= Try it =
Each line in the material below must be transcribed exactly; no picture belongs in the copy.
*** Exercise data ***
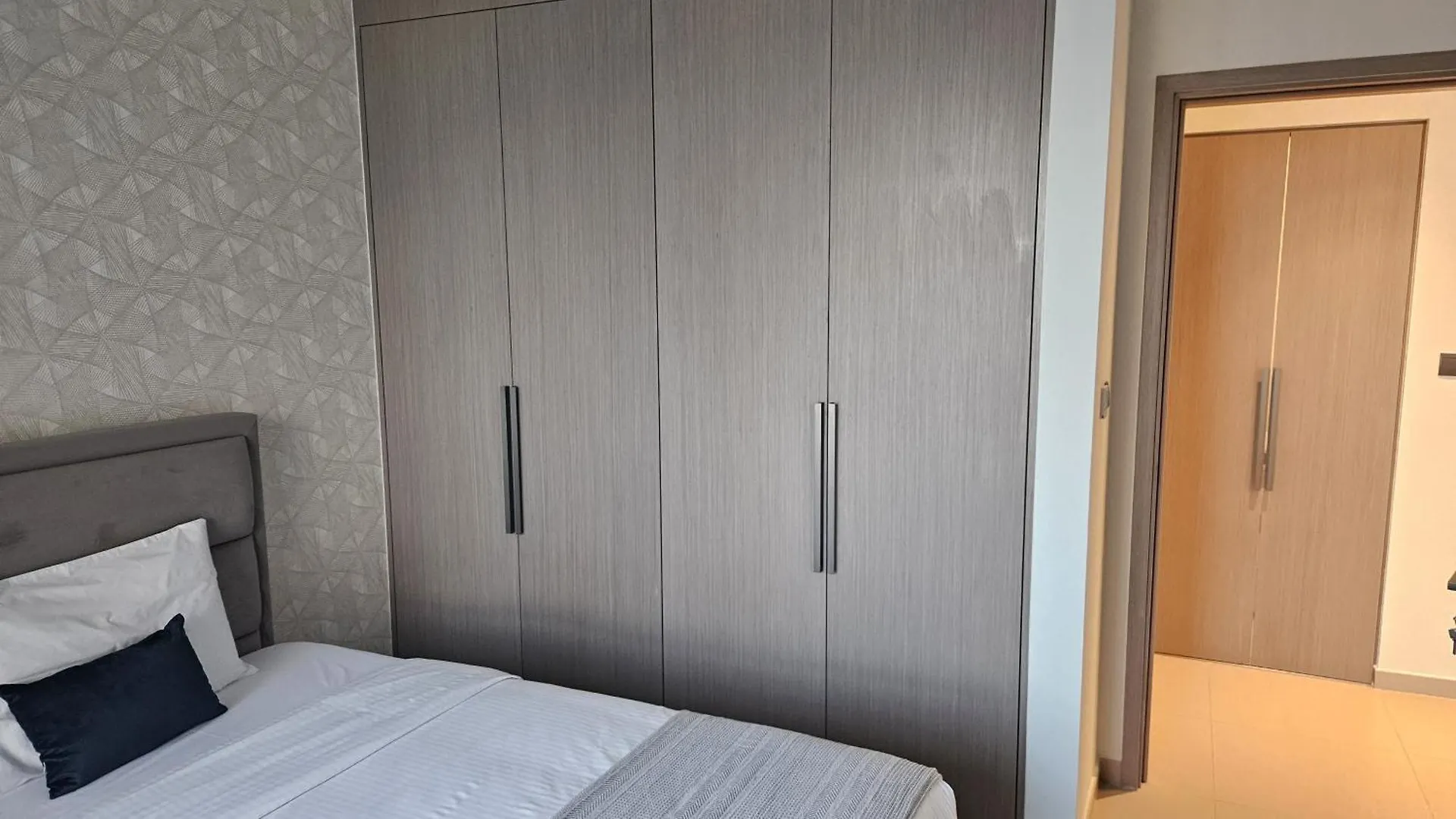 Villa Mh - Act One Act Two - 2Bhk - Ref2202 Dubai 0*,  Emirati Arabi Uniti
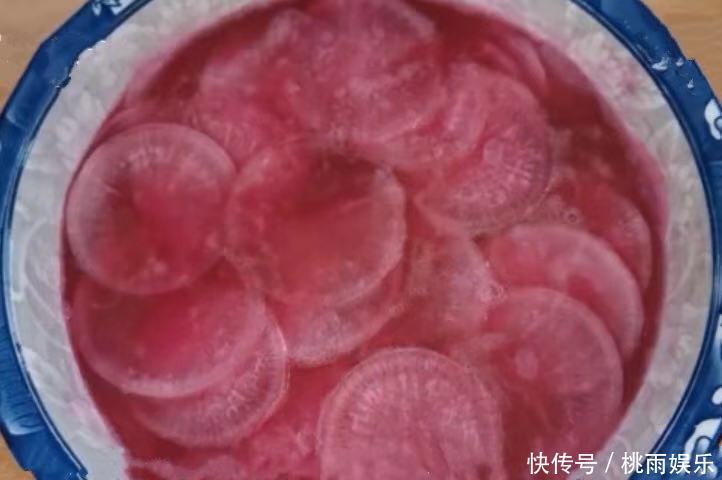 此菜简单不失奢华,酸甜脆爽解油腻,20分钟出锅,年夜饭必备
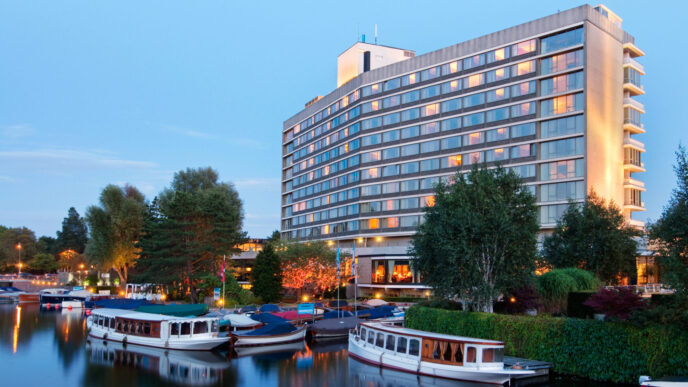 Luxury-hotel-Hilton-Amsterdam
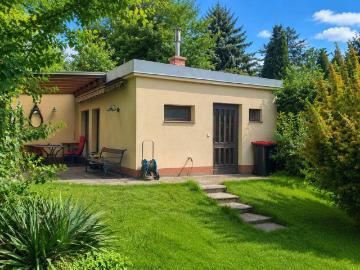 Kleines, idyllisches Ferienhaus für 2 nur 3 Gehminuten zum Neufelder See!
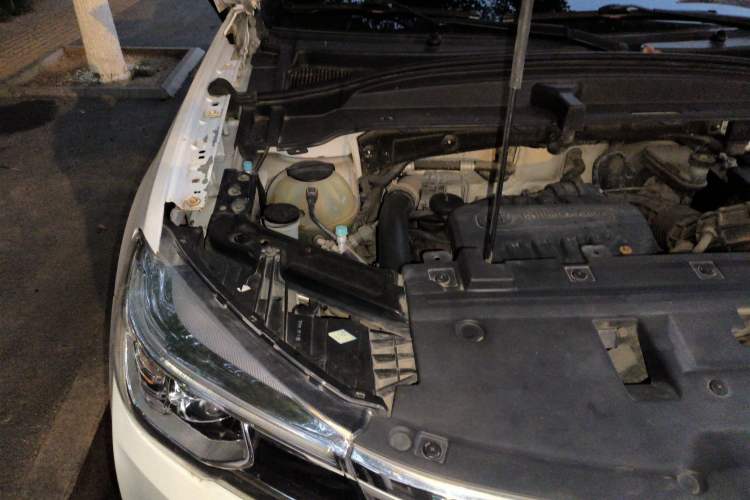 Used Brilliance V6 2018 1.5T Manual Elite Model Engine Bay Right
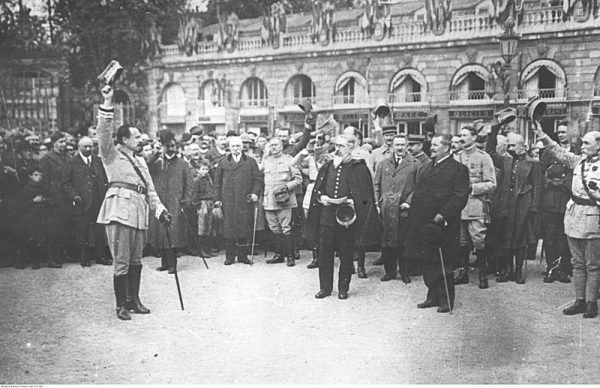 Wielkopolscy żołnierze dzielili poglądy antysemickie z kolegami z Błękitnej Armii (na zdj. polskie wojska we Francji witają gen. Józefa Hallera w lipcu 1918 roku.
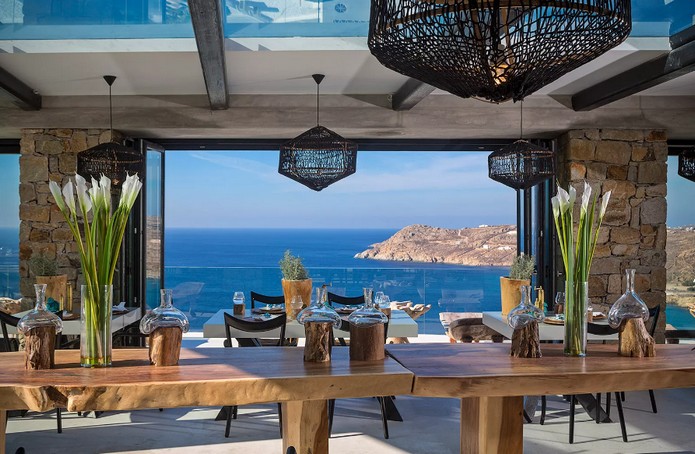 Top 8 Best Luxury Hotels in Mykonos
*** End of Exercise data ***
= Your response =
 Villa Mh - Act One Act Two - 2Bhk - Ref2202 Dubai 0*,  Emirati Arabi Uniti
 此菜简单不失奢华,酸甜脆爽解油腻,20分钟出锅,年夜饭必备
 Luxury-hotel-Hilton-Amsterdam
 Kleines, idyllisches Ferienhaus für 2 nur 3 Gehminuten zum Neufelder See!
 Used Brilliance V6 2018 1.5T Manual Elite Model Engine Bay Right
 Wielkopolscy żołnierze dzielili poglądy antysemickie z kolegami z Błękitnej Armii (na zdj. polskie wojska we Francji witają gen. Józefa Hallera w lipcu 1918 roku.
 Top 8 Best Luxury Hotels in Mykonos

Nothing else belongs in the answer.